>>>
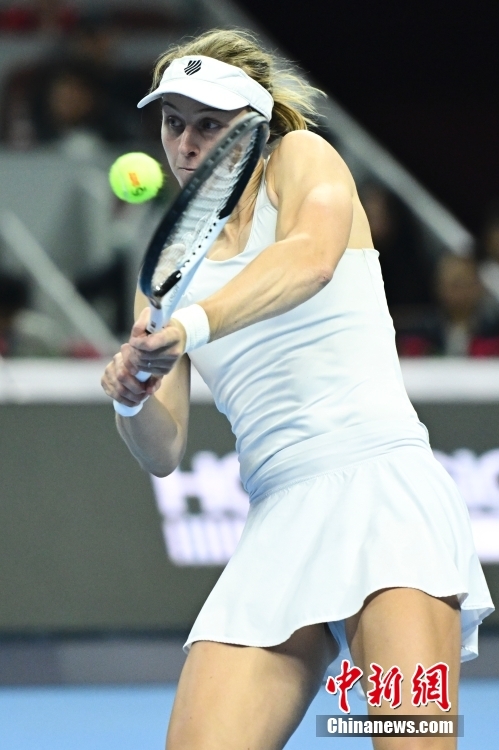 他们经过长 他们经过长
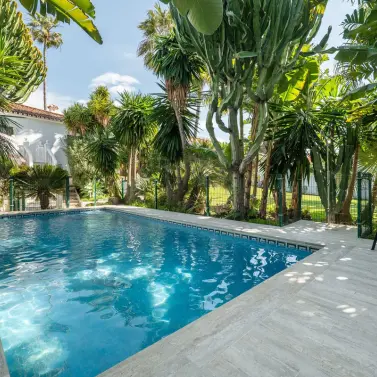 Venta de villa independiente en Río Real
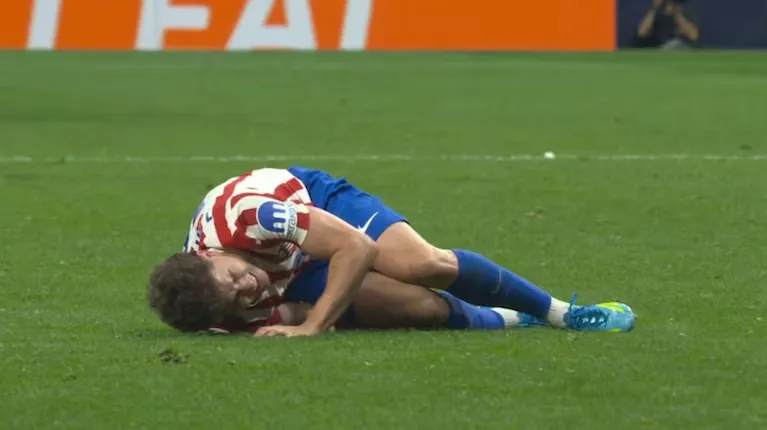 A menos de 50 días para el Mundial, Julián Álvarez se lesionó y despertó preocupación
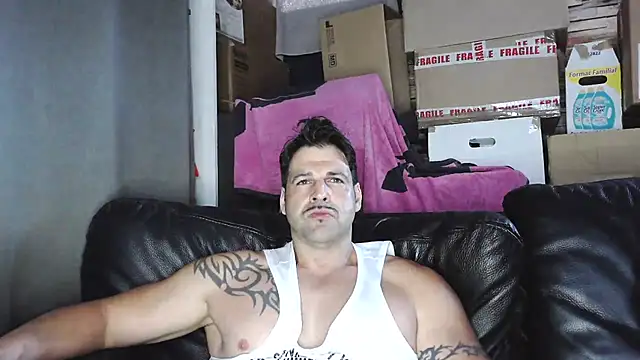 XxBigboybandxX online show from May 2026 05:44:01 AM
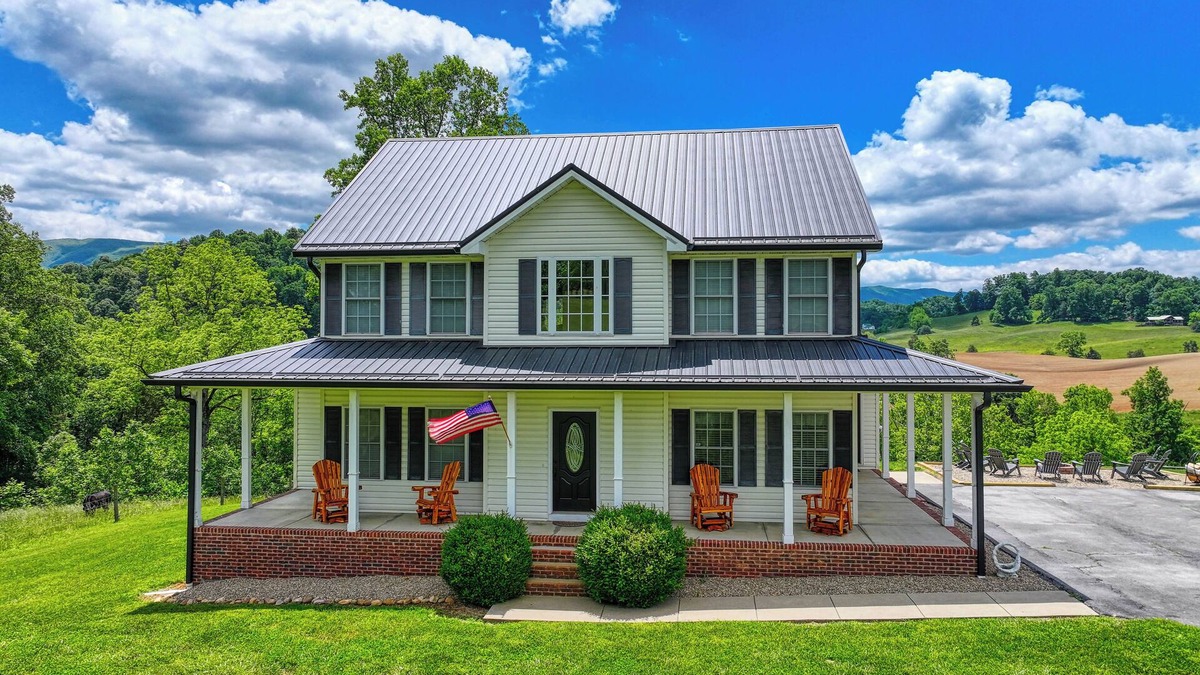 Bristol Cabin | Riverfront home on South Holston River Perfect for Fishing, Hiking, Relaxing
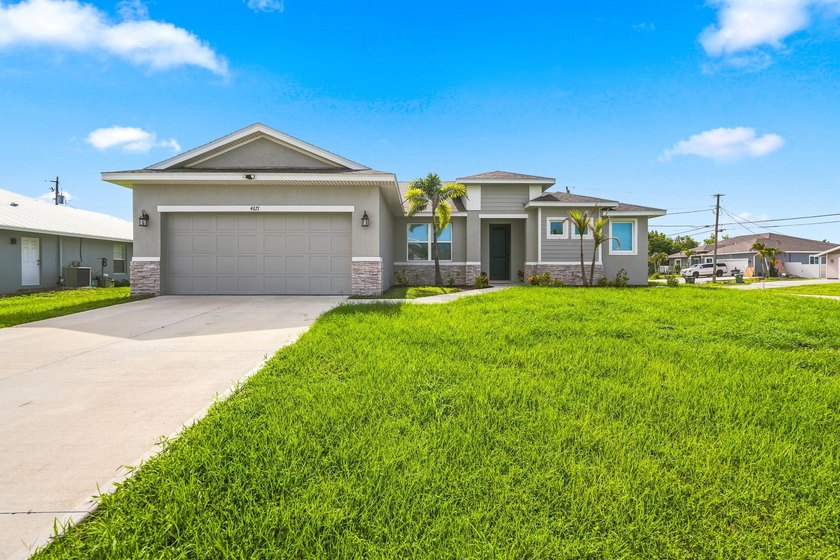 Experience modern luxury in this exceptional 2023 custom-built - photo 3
<<<
>>>
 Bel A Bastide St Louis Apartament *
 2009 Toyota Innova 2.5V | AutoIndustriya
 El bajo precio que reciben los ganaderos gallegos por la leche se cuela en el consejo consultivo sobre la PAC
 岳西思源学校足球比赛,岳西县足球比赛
<<<
WHAT THE EXERCISE ASKS →
Only one stretch of the entries above is needed: the lines from the one containing "XxBigboybandxX online show" through the one containing "Experience modern luxury". Copy it exactly, without the pictures.

TASK RESULT →
 XxBigboybandxX online show from May 2026 05:44:01 AM
 Bristol Cabin | Riverfront home on South Holston River Perfect for Fishing, Hiking, Relaxing
 Experience modern luxury in this exceptional 2023 custom-built - photo 3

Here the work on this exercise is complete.